◆ Task objective
Starting with the line that contains "TAKING MY 2021" and stopping after the line that contains "Groundhog Character Background", copy the entries below exactly. Include nothing else.

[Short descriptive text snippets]

□ □ □ □ □

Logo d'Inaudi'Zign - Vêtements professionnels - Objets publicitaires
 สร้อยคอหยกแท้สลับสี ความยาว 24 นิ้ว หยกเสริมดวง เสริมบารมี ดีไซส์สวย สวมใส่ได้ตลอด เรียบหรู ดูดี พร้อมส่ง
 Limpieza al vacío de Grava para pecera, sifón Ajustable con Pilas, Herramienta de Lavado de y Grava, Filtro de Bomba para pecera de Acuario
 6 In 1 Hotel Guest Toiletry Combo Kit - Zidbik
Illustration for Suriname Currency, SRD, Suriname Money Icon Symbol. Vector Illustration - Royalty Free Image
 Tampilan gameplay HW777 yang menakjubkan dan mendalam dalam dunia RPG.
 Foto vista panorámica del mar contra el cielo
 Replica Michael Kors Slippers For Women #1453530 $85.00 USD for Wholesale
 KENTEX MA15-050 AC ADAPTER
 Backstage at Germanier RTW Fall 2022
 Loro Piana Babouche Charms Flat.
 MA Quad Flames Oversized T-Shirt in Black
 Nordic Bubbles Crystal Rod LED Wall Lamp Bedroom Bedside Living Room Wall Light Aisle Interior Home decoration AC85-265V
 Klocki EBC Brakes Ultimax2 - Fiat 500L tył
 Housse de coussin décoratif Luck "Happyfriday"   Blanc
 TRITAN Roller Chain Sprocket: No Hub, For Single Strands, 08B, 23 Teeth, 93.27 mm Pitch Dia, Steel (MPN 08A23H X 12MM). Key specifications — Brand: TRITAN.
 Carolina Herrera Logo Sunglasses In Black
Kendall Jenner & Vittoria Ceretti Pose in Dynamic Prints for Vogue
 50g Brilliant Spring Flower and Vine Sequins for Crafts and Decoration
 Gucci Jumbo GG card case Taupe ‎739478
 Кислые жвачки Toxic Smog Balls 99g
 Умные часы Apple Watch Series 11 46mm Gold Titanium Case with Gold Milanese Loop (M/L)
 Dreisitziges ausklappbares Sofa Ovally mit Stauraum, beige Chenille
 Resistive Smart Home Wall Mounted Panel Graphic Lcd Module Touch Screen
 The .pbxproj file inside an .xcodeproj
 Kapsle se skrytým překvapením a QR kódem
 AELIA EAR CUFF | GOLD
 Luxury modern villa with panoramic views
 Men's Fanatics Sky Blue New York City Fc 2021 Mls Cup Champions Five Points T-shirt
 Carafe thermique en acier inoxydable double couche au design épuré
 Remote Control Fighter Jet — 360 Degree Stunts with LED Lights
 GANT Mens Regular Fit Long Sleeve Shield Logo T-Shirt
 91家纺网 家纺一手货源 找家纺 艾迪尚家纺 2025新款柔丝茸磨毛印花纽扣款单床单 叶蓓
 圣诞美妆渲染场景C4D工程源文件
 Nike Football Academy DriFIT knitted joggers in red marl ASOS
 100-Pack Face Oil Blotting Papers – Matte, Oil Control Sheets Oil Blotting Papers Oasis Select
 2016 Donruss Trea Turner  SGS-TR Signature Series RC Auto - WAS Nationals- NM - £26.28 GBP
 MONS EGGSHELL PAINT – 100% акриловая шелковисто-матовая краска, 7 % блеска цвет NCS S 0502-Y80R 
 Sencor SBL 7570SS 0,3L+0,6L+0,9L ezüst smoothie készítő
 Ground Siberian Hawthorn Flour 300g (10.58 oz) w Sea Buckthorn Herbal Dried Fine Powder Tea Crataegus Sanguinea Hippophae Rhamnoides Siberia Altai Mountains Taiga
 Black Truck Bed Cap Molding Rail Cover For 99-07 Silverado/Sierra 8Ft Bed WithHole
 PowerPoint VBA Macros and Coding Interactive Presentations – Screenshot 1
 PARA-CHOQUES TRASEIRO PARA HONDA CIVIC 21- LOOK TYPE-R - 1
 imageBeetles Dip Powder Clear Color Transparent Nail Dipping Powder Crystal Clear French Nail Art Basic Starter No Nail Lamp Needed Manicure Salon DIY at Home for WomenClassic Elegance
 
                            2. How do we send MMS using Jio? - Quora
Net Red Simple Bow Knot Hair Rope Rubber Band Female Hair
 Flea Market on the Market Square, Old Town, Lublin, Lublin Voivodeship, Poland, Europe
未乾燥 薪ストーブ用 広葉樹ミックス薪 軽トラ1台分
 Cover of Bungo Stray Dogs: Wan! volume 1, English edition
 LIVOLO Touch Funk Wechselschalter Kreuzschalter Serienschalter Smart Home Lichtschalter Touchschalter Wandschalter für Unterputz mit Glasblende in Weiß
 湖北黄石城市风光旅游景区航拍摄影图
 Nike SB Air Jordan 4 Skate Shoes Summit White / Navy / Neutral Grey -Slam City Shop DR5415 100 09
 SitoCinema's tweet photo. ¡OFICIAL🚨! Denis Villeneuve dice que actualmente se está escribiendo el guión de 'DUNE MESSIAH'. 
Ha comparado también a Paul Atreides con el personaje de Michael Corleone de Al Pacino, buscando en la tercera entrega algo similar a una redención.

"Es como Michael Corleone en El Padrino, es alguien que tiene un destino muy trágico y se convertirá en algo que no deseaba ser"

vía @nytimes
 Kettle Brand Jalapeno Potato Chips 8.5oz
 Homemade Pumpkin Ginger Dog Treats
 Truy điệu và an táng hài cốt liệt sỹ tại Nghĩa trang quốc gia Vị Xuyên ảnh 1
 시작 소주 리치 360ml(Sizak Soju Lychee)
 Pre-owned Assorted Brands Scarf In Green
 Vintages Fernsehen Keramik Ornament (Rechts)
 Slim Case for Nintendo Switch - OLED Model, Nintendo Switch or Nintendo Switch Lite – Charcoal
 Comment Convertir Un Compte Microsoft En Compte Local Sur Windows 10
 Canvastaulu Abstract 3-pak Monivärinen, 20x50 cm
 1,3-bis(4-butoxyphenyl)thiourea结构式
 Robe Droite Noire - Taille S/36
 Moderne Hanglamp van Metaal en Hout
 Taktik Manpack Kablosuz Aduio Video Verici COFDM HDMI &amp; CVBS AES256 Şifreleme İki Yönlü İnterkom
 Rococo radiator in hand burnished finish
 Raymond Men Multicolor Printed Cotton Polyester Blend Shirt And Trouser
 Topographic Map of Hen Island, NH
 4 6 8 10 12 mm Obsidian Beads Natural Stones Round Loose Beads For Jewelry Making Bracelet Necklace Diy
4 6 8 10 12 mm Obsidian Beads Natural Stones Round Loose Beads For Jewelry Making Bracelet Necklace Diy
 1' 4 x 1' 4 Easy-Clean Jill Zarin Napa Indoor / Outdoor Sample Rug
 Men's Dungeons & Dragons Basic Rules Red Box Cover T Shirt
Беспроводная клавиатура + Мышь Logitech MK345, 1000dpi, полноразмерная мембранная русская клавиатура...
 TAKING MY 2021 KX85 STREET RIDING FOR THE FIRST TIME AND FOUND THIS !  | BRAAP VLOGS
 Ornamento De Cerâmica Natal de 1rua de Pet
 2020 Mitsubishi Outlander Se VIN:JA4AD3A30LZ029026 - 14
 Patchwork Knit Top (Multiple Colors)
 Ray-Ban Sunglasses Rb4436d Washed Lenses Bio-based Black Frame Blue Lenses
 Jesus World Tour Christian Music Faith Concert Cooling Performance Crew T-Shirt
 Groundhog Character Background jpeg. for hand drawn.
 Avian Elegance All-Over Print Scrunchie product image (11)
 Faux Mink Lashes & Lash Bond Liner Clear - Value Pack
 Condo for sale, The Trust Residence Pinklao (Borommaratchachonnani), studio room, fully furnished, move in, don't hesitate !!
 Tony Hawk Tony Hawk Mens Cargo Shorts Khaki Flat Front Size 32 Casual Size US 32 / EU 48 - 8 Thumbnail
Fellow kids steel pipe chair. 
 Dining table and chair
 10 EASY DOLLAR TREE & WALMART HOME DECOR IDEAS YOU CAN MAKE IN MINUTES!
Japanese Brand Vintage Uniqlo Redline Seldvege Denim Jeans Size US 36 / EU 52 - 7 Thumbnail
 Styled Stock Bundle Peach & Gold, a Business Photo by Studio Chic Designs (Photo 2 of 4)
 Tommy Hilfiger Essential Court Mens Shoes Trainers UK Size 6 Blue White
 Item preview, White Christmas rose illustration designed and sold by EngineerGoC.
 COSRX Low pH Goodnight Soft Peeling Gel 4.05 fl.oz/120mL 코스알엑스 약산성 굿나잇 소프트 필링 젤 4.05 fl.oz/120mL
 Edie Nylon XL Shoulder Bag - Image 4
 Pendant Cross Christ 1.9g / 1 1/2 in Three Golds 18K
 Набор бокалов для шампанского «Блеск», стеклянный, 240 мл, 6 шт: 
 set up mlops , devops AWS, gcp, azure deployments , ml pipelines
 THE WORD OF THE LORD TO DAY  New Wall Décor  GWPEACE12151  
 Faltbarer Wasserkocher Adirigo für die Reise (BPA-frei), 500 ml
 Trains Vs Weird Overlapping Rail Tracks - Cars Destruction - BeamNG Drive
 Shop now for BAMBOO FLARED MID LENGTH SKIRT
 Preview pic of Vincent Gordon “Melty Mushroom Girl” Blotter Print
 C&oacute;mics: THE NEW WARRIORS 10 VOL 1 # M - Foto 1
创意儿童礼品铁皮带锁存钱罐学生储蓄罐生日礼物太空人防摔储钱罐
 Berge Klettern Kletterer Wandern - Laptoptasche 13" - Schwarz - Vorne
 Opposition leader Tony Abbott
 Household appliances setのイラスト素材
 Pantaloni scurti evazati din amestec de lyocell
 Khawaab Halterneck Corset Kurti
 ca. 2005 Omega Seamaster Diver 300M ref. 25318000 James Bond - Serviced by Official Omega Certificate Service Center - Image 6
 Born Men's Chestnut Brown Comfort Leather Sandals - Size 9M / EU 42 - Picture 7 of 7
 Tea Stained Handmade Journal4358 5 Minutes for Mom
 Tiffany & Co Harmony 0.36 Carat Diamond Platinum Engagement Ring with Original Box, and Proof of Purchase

□ □ □ □ □

◆ Problem solution
 TAKING MY 2021 KX85 STREET RIDING FOR THE FIRST TIME AND FOUND THIS !  | BRAAP VLOGS
 Ornamento De Cerâmica Natal de 1rua de Pet
 2020 Mitsubishi Outlander Se VIN:JA4AD3A30LZ029026 - 14
 Patchwork Knit Top (Multiple Colors)
 Ray-Ban Sunglasses Rb4436d Washed Lenses Bio-based Black Frame Blue Lenses
 Jesus World Tour Christian Music Faith Concert Cooling Performance Crew T-Shirt
 Groundhog Character Background jpeg. for hand drawn.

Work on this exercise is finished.